Su supuesta dureza es en realidad el filo del diamante que talla las ilusiones. Cuando un alumno llega con fuegos artificiales técnicos, Vicente no aplaude: sopla generoso hasta dejar sólo la brasa verdadera. Rechaza halagos como quien aparta mosquitos de la comida, no por desdén, sino para proteger el banquete esencial. En una época de relativismos, su integridad es el golpe de martillo que afirma el yunque: no hay arte sin verdad, no hay música sin riesgo de perderlo todo. Su ética no es muro, sino puente colgante sobre abismos: exige cruzar temblando, pero garantiza que al otro lado aguarda la autenticidad. En una época de relativismos, su integridad es brújula imantada al polo norte del arte: no señala caminos fáciles, pero garantiza que cada paso, aunque duela, acerca a alguna cima...
Quienes lo han seguido saben que su exigencia nace de un amor feroz y de un corazón, noble, tierno, justo y generoso. Como el jardinero que poda hasta sangrar las ramas para que el árbol dé frutos, Vicente no tolera la mediocridad disfrazada de virtuosismo. “Prefiero un error genuino a un acierto calculado”, repite siempre, y en esa frase late toda una cosmovisión: el arte como territorio de vértigo, no de seguridad.

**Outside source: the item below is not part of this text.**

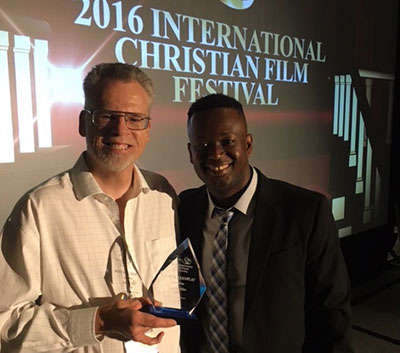 Stephan Schultze, executive director of Liberty University's Cinematic Arts, Zaki Gordon Center and writer/director of "God's Compass," (left) receives the 2016 International Christian Film Festival B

Esta terquedad luminosa lo ha convertido en espejo incómodo para muchos. En conservatorios donde se enseña música como código de barras —escaneable, comercial, desprovisto de alma—, en mercados donde la música es mera moneda de cambio, en "gimnasios" gremiales donde la música es una mera pesa a levantar por ensimismados "culturistas musicales", su presencia de erizo, guerrero y poeta a la vez, desentona. Pero él persiste, sabiendo que cada alumno que rompe sus cadenas mentales es una nota liberada en la gran sinfonía del porvenir.

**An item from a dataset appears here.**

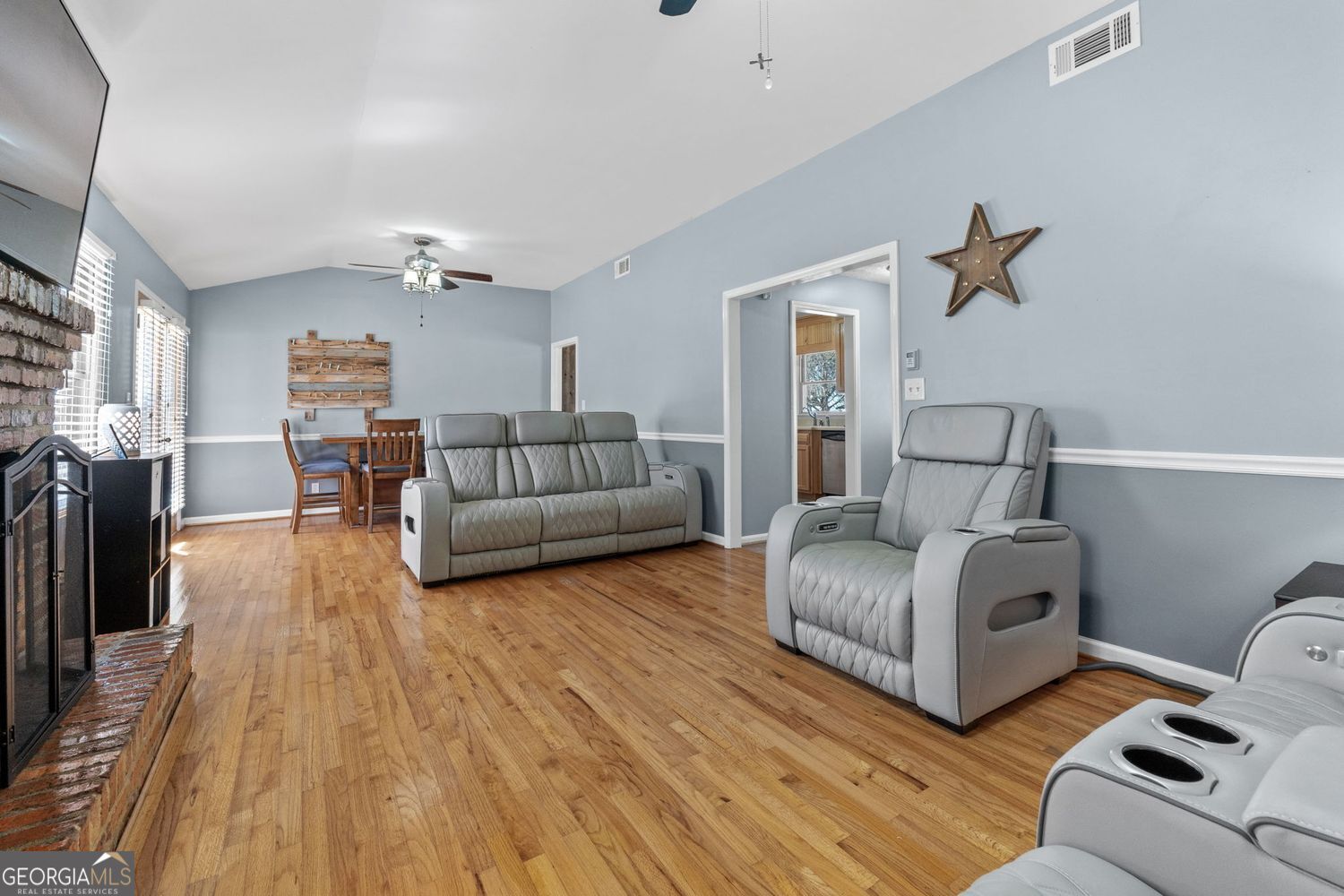 1793 Trice Cemetery Road Thomaston, GA 30286 - Photo 16 of 59 a living room with furniture and a wooden floor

Quien se enfrenta a él debe saber que está ante un hombre que habla y lucha con lo esencial. Hay en su carácter algo de alta montaña, de piedra pulida por los siglos, de lealtad tectónica. Sus afectos son hondos, su admiración es exigente, su amistad es una alquimia de rigor y ternura que no siempre se ofrece fácil, pero cuando se ofrece, es irrevocable. Por eso, incluso en los altiplanos, en los silencios, en las tormentas, uno sabe —como lo sé yo— que Vicente está siempre ahí, que es, que permanece. Porque los verdaderos amigos no se deslizan como melodías fugaces: son cadencias fundamentales en la armonía de la vida. Son - como diría su padre - un canon infinito.
En los momentos cruciales —esos donde la vida desafina—, su presencia resuena con la firmeza de un antiguo ison bizantino, anclando el caos en el melos primordial. Y aunque a veces su compás parezca lento - como el de su amado Celibidache - es solo porque mide el tiempo con latidos, no con metrónomos.

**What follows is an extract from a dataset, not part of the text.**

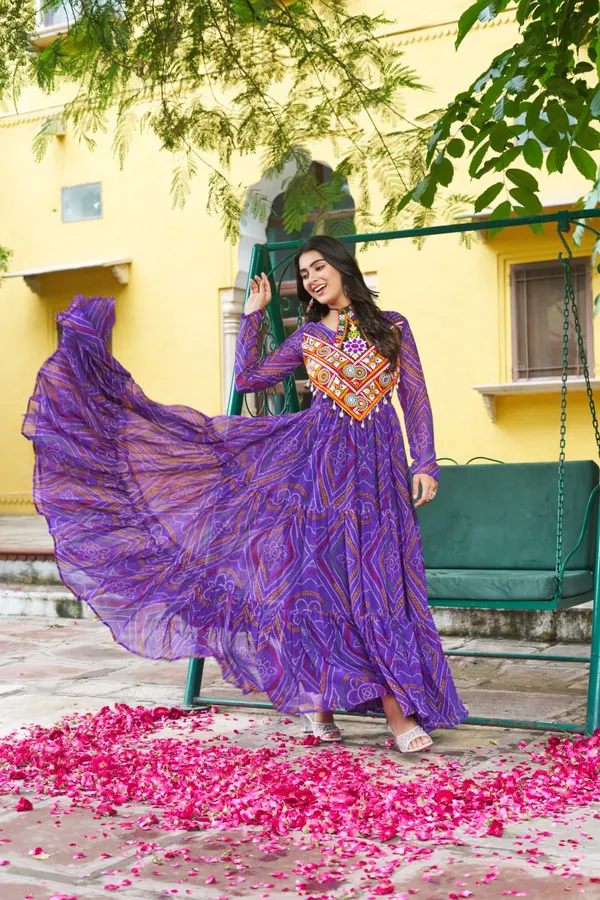 Celebrate_this_Navratri_in_full_color_and_culture_with_our_stunning_traditional_maxi_dresses._Featuring_bold_Bandhani_prints_and_handcrafted_mirror-work_yokes,_each_outfit_radiates_ethnic_charm._Choose_your_festive_hue_—_Sunshine_Yellow,_Royal_Purple,_Electric_Blue,_or_Fiery_Red_—_and_dance_through_the_nights_in_comfort_and_elegance.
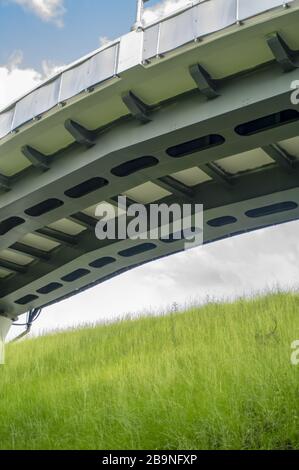 Ponte ad arco su una strada costeggiata da palme con pedone a piedi in un giorno blu perfetto Foto Stock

Me detengo hoy ante Vicente Chuliá para reconocer lo que me ha dado, que es mucho. No es solo un amigo, ni únicamente el hijo de mi venerado maestro Don Salvador Chuliá; es un faro en el océano vivo de la música, un Orfeo valenciano que, con su canto luminoso, ilumina las sombras de un mundo tristemente fragmentado. De él aprendo a diario que la música no es un arte dividido en compartimentos —composición, interpretación, dirección, doctrina, declamación, danza —, sino un mar continuo donde confluyen el pensamiento, el gesto y el alma. Vicente no se conforma con dominar una faceta del arte del tono; lo abraza todo, lo piensa todo, lo vive todo, encarnando la figura del músico generalista en su sentido más noble y antiguo: un filósofo del tono que dialoga con los grandes de antaño y proyecta un futuro donde la música recupere su lugar como arte total.
Detenerse ante Vicente es como contemplar un bosque desde la cima: se ve la inmensidad de raíces, ramas y hojas como un solo organismo respirando. En él, cada rol musical es un órgano vital: el compositor es corazón, el director pulmones, el intérprete sistema nervioso. Y su filosofía, la savia que une todo en un mismo propósito: hacer del arte no reflejo de la vida, sino vida en estado puro.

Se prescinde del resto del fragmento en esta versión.